Phibro Animal Health Corporation (PAHC)

Financial leverage ratio

Jun 30, 2025 Mar 31, 2025 Dec 31, 2024 Sep 30, 2024 Jun 30, 2024 Mar 31, 2024 Dec 31, 2023 Sep 30, 2023 Jun 30, 2023 Mar 31, 2023 Dec 31, 2022 Sep 30, 2022 Jun 30, 2022 Mar 31, 2022 Dec 31, 2021 Sep 30, 2021 Jun 30, 2021 Mar 31, 2021 Dec 31, 2020 Sep 30, 2020
Total assets US$ in thousands 1,360,900 1,317,260 1,285,510 966,289 982,184 979,035 972,708 964,523 971,397 965,432 961,833 948,378 931,699 916,181 848,958 836,044 841,325 805,017 803,651 789,554
Total stockholders’ equity US$ in thousands 285,682 265,992 246,802 258,527 256,641 270,094 270,803 273,069 282,509 272,328 268,370 262,756 262,442 266,945 239,294 233,305 238,529 215,921 213,322 192,412
Financial leverage ratio 4.76 4.95 5.21 3.74 3.83 3.62 3.59 3.53 3.44 3.55 3.58 3.61 3.55 3.43 3.55 3.58 3.53 3.73 3.77 4.10

June 30, 2025 calculation

Financial leverage ratio = Total assets ÷ Total stockholders’ equity
= $1,360,900K ÷ $285,682K
= 4.76

The financial leverage ratio of Phibro Animal Health Corporation demonstrates a general trend of relative stability with notable fluctuations over the analyzed period. Starting at 4.10 on September 30, 2020, the ratio experienced a gradual decline throughout 2021, reaching its lowest point of 3.43 by March 31, 2022. This indicates a reduction in leverage, implying a moderate decrease in reliance on debt financing relative to equity during this period.

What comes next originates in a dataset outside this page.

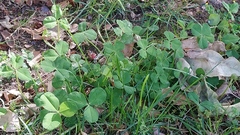 Trifolium repens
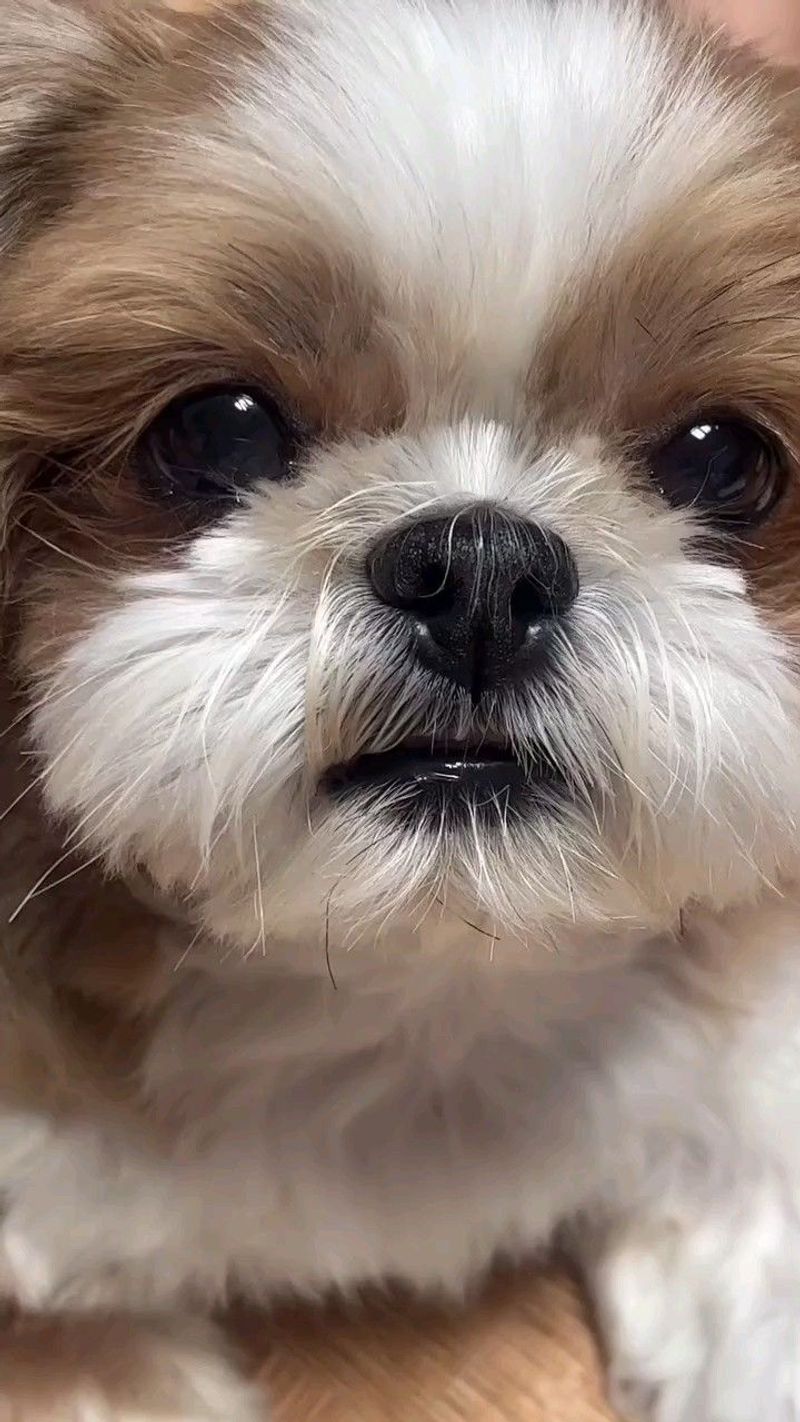 Shih Tzu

From mid-2022 onwards, the leverage ratio stabilized around the 3.5 to 3.6 range, reflecting a relatively consistent leverage stance. This stability persisted until late 2023 and early 2024, with slight variations surrounding the 3.5 level.

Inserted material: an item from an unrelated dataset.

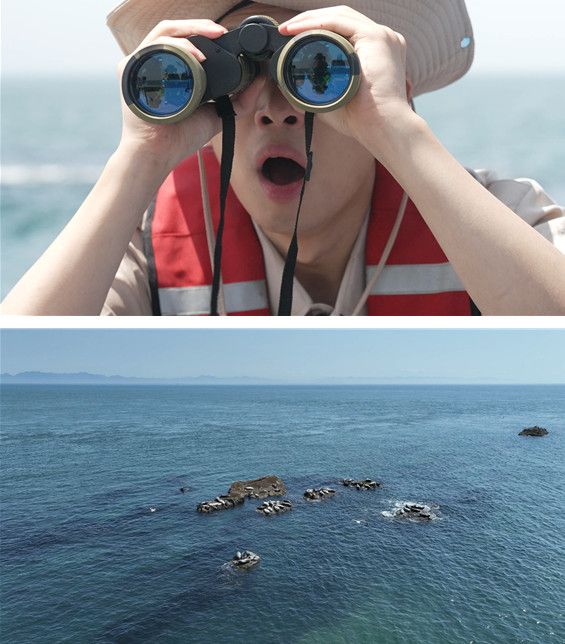 사진=SBS 'TV동물농장'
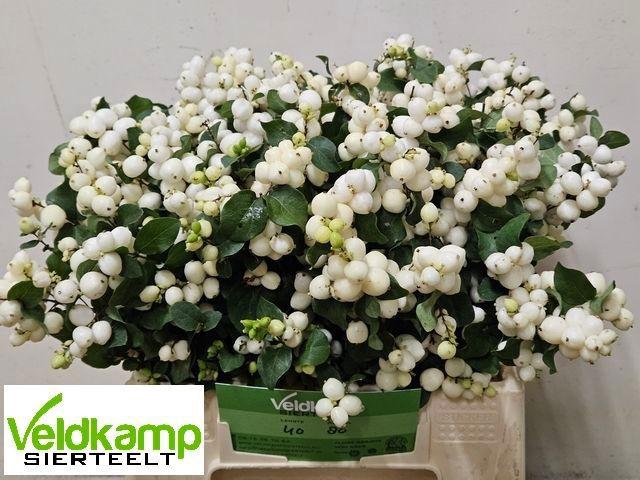 <h4>SYMPHO MAG LEMO LIME</h4>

However, a significant upward shift occurred at the end of 2024, where the ratio sharply increased to 5.21 as of December 31, 2024, suggesting a considerable rise in debt levels relative to equity. This elevated leverage persisted into early 2025, with the ratio remaining high at 4.95 on March 31, 2025, and decreasing slightly to 4.76 by June 30, 2025.

Overall, the data indicates that while the company generally maintained moderate to low leverage in the early to mid-period, a notable increase in leverage was observed at the end of 2024, which may reflect changes in financial strategy, operational funding needs, or other external factors impacting debt levels.